Redazione RHC : 2 September 2025 14:50
Yesterday, the Red Hot Cyber website was inaccessible for about an hour. But what’s going on, we wondered? After a series of analyses, here’s the result: the internet is changing rapidly under the pressure of artificial intelligence.
If previously, websites suffered from classic search robots, today a growing share of traffic is generated by new, aggressive scanners that operate in the interest of large language models. According to Cloudflare, nearly a third of all global web traffic comes from bots, with AI crawlers being the fastest-growing. Fastly’s analysis specifies that 80% of this traffic is generated by programs designed to mass-collect data needed for AI training.
Formally, the history of automated scanners began in 1993, with the appearance of Web Wanderer, which recorded new web pages. But experts emphasize: the difference between those early tools and today’s systems is enormous. Modern algorithms don’t just index pages; they overload the infrastructure, creating high costs for site owners. Fastly has recorded numerous cases where sudden spikes in requests from AI bots have increased server load tenfold, and sometimes twentyfold, in just a few minutes, resulting in inevitable drops in productivity and service interruptions.
Hosting providers emphasize that such crawlers almost never take into account limitations on crawl frequency and traffic saving rules. They download the full text of pages, follow dynamic links and executable scripts, completely ignoring the resource owners’ settings. As a result, even sites not directly targeted are indirectly affected: if several projects share a server and a common communication channel, an attack on neighboring sites instantly compromises their speed.
For small sites, this translates into complete inaccessibility. Resource owners note that the usual DDoS protection mechanisms offered by Cloudflare and other network companies effectively deal with waves of distributed attacks, but are useless against the onslaught of AI bots. In effect, we are talking about the same destructive consequences, even though the traffic is not formally classified as malicious.
The situation is difficult even for major operators. To withstand such influxes, they need to increase the amount of RAM, processor resources, and network bandwidth. Otherwise, page loading speeds decrease, which translates into an increased bounce rate. Hosting research shows that if a site is open for more than three seconds, more than half of visitors close the tab. Every additional second only worsens the problem, and the company loses its audience.
Even the largest AI companies have appeared in the statistics.Meta accounts for the largest volume of search traffic, about 52%. Google accounts for 23%, and OpenAI another 20%. Their systems are capable of generating peaks of up to 30 terabits per second, which causes disruptions even for organizations with powerful infrastructure. At the same time, website owners gain nothing from this interest: while a visit by Googlebot previously offered the opportunity to reach the first page of search results and attract readers or customers, now AI crawlers don’t direct users back to the original sources. The content is used to train models, and the traffic doesn’t generate revenue.

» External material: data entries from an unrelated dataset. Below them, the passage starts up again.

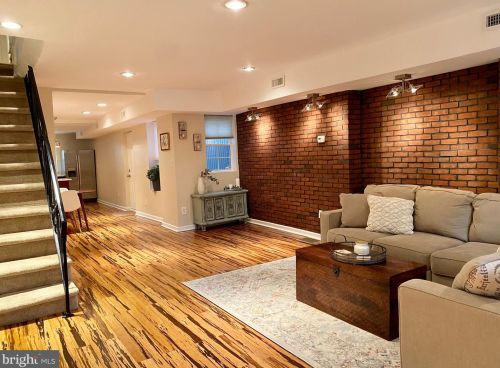 1923 Ellsworth St, Philadelphia PA  19146-2803 exterior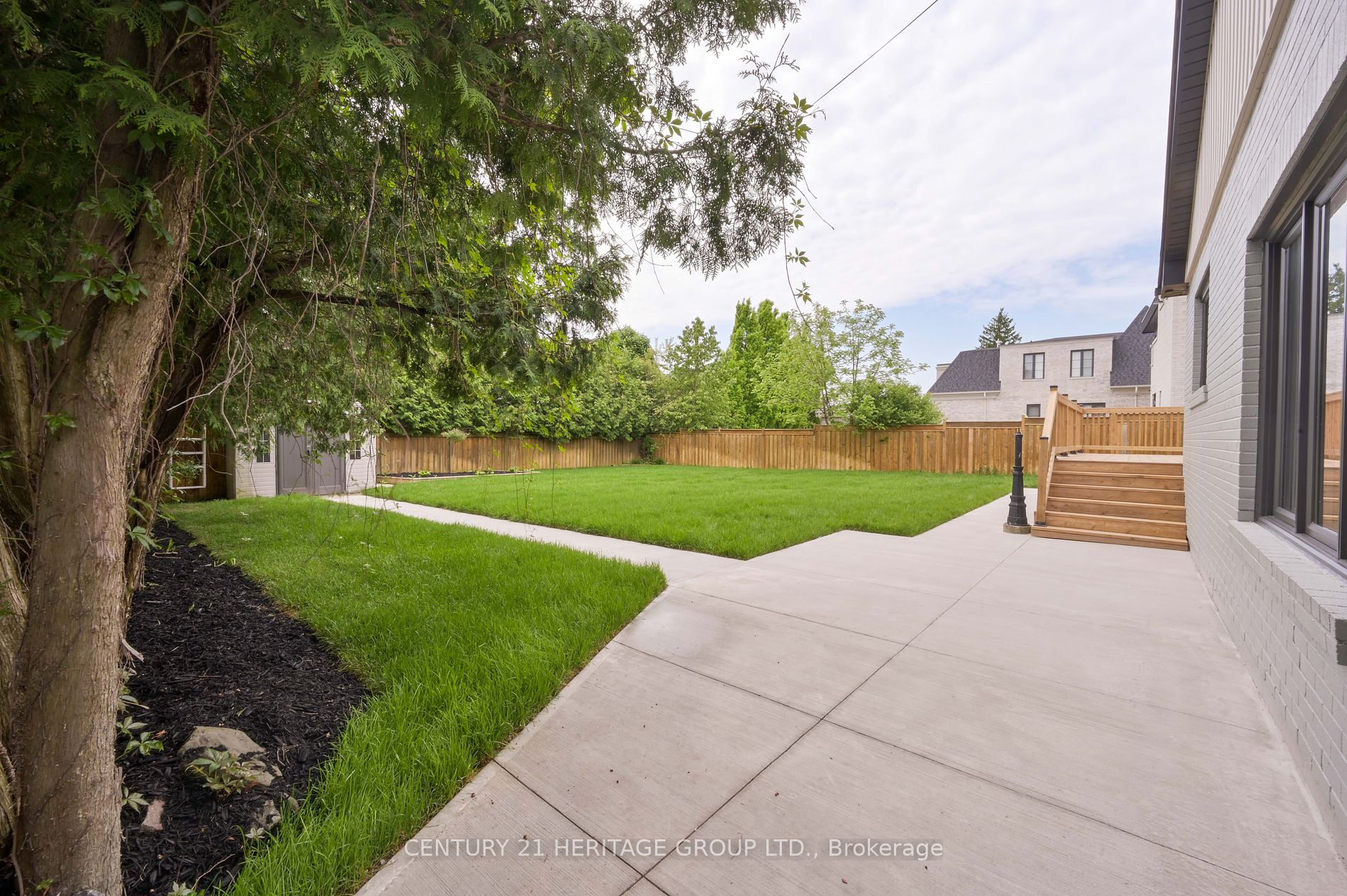 315 Bennet Dr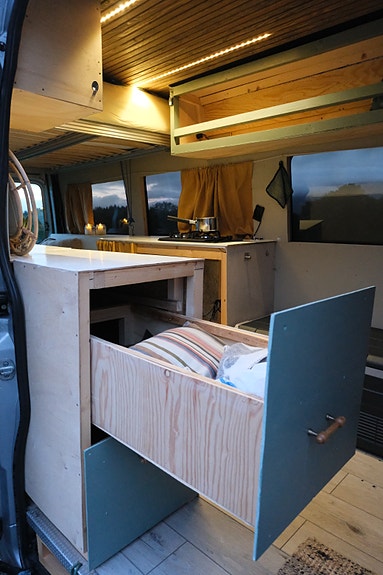 Mercedes-Benz 516 CDI campervan 11 of 30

Attempts to protect themselves with traditional methods—passwords, paid logins, CAPTCHAs, and specialized filters—rarely yield results. Artificial intelligence overcomes these barriers quite well. Even the old robots.txt mechanism, which for decades served as the standard method for specifying indexing rules, is losing its meaning: many bots simply ignore it. Cloudflare then accused Perplexity of circumventing these settings, and Perplexity, in turn, denied everything. But website owners regularly experience waves of automated requests from various services, which confirms the impotence of existing tools.
There are initiatives to supplement robots.txt with a new format, llms.txt. It should allow language models to transmit specially prepared content without compromising the functionality of the site. However, the idea is perceived ambiguously, and it is unclear whether it will become a standard. At the same time, infrastructure companies like Cloudflare are launching their own services to block AI bots. There are also independent solutions like Anubis AI Crawler Blocker, an open and free project that doesn’t prevent crawling, but slows it down to the point where it’s no longer destructive.
A new arms race is thus emerging on the Internet. On one side are website owners who want to keep their resources accessible and profitable. On the other are AI developers who exploit the endless flow of data as fuel. A balance will likely be found over time, but the price will be high: the network will become more closed, information will be fragmented, and many materials will end up behind the scenes of paid services or disappear from free access altogether. Memories of a free Internet are gradually becoming history, and the prospect of a fragmented network is becoming increasingly real.